Extra virgin olive oil (evo) is an essential food in the Mediterranean diet, used as the main fat for seasoning and cooking. Mediterranean countries such as Spain, Italy and Greece are the world's major producers.
Evo oil is described in Section 2 of the Codex Alimentarius, which sets standards for fats and oils from plant sources. It is often debated whether evo oil should be considered a simple condiment or a functional condiment. Recall that functional foods naturally contain molecules that can modulate various metabolic processes in the body, producing a health effect in the prevention or treatment of certain diseases. Evo oil is used to enhance the appearance, aroma and flavor of foods, but it is also rich in nutrients and antioxidants, making it a functional food.
In fact, consumption of evo oil has a beneficial effect on human health, particularly in the prevention of cardiovascular disease and metabolic disorders. Oleic acid is the main monounsaturated fatty acid (MUFA) present, which promotes biliary secretion and improves the protection of the gastric mucosa by reducing the secretion of hydrochloric acid. Oleic acid is also important for the maturation of the infant's nervous system.
In addition to MUFAs, polyunsaturated fatty acids, squalene, triterpene acids, phytosterols, dialcohols, polyphenols, and tocopherols are also present. Oleic (55.0-83.0 percent of lipid content), palmitic (7.5-20.0 percent), linoleic (3.5-21.0 percent), stearic (0.5-5.0 percent), palmitoleic (0.3-3.5 percent), and linolenic are the most representative fatty acids.
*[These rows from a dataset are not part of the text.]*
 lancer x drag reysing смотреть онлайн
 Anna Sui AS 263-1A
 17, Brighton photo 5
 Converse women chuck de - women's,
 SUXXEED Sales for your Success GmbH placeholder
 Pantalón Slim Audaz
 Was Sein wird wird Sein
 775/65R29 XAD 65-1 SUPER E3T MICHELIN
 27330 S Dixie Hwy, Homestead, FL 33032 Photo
In contrast, myristic, eicosanoic, and heptadecenoic acids are present in trace amounts.
The most concentrated phenolic compounds in evo oil are lignans, followed by phenolic alcohols, flavones, flavonols, anthocyanidins and phenolic acids. These substances modulate processes associated with aging and have antiviral, antitumor, anti-atherogenic, anti-hepatotoxic, anti-inflammatory, immunomodulatory, anti-autoimmune and hypoglycemic properties.
Fat-soluble vitamins (A, D, K and E) are absorbed in the small intestine at the level of the jejunum, and their absorption and bioavailability are facilitated by the simultaneous intake of fats (hence "fat-soluble"), such as Evo Oil!
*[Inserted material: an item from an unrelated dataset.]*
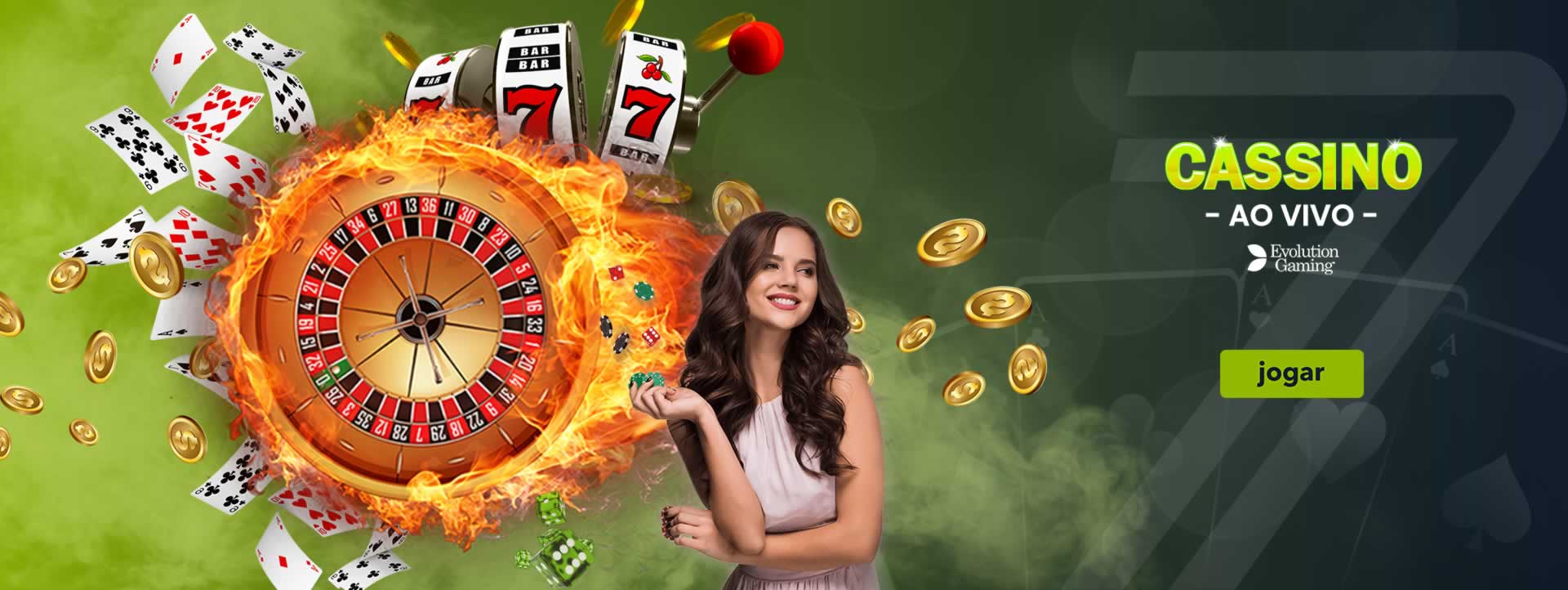 liga bwin 23queens 777.comsebet casino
Evo oil is a treasure trove of antioxidants, including vitamin E, tocopherols and various phenolic compounds. These molecules are able to defend our body against aging by fighting free radicals, which are the main culprits of cellular damage typical of aging. These are particularly reactive forms of oxygen, molecules capable of damaging DNA and, in the long term, triggering the development of tumors. Thanks to the oil, the antioxidants contained in it neutralize the dangerous radicals like scavengers, thus ensuring the longevity of the cells.
Phenolic compounds contribute to the pungency, flavor and aroma. Olive oil is classified according to its acidity (the lower the acidity, the higher the quality). In addition, quality is related to undamaged fruit and the absence of residual pesticides such as fungicides, insecticides and herbicides.
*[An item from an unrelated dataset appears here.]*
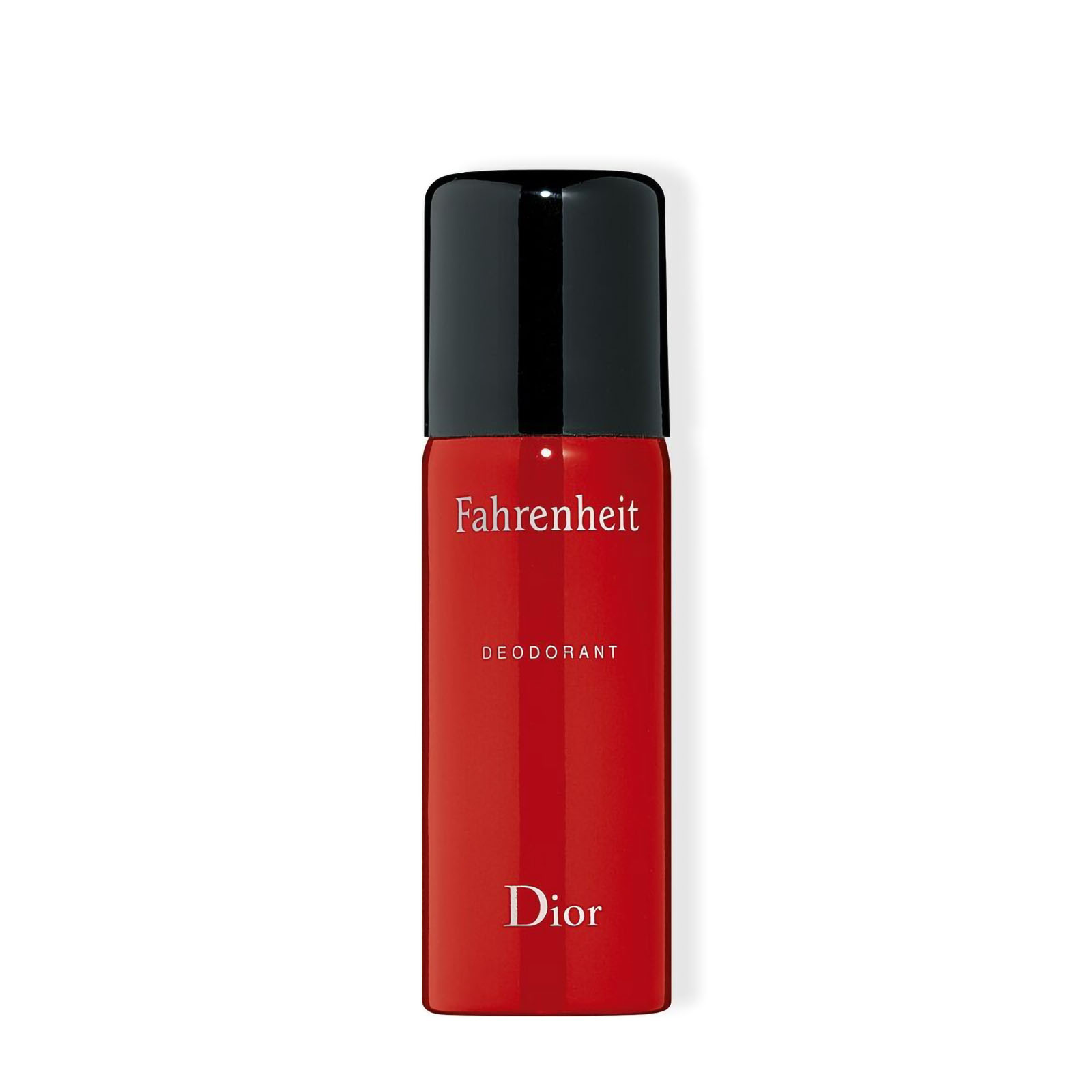 Fahrenheit - Deodorante Vapo 150 ml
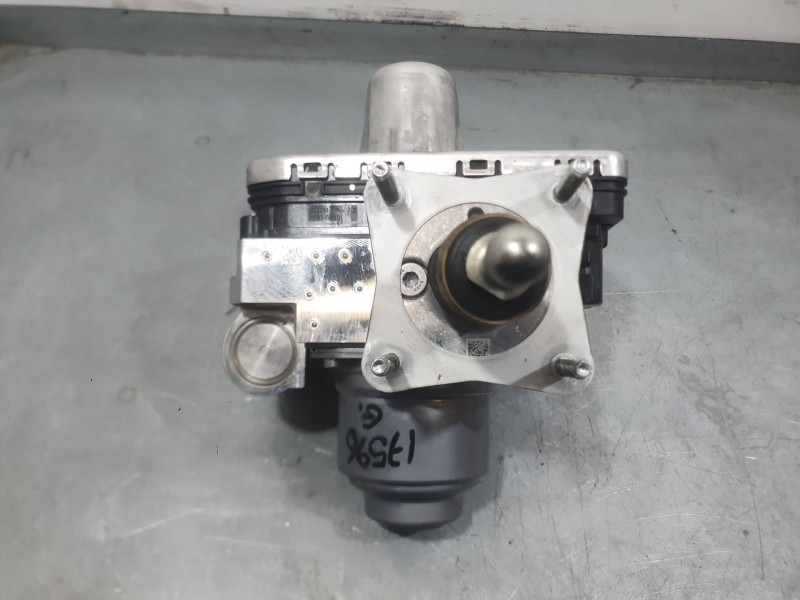 Recambio de abs para fiat tipo station wagon (356_, 357_) 1.5 t4 hybrid referencia OEM IAM 5216895800 A292 MOPAR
Nutrigenomic studies show that cultivars characterized by high polyphenol content are able to modulate the synthesis of several transcripts and miRNAs involved in different pathways, such as glucose and lipid metabolism, proliferation and inflammation. Therefore, polyphenols should be considered as active compounds rather than minor components of oil in the context of nutrigenomic modulation. Therefore, the beneficial effects of evo oil on human health could be attributed to a synergistic effect of polyphenolic compounds with the high oleic acid content.
Among the many properties of evo oil is certainly that of protecting our arteries. Evo oil can play a role in lowering the blood levels of low-density lipoproteins LDL and VLDL, which transport cholesterol from the liver to the tissues where it is used, and the excess of which can be deposited in the organs and in the walls of the arteries, causing them to become clogged (which is why it is vulgarly called "bad"). Oleic acid also does not alter or even increase the levels of HDL lipoproteins ("good" cholesterol), those that remove cholesterol from the tissues and thus also from the blood and the deposits in the arteries, to return it to the liver, which takes care of its elimination.
It should be emphasized that olive oil should be taken in the recommended doses; it is still a fat and contains 15.0% of saturated fat.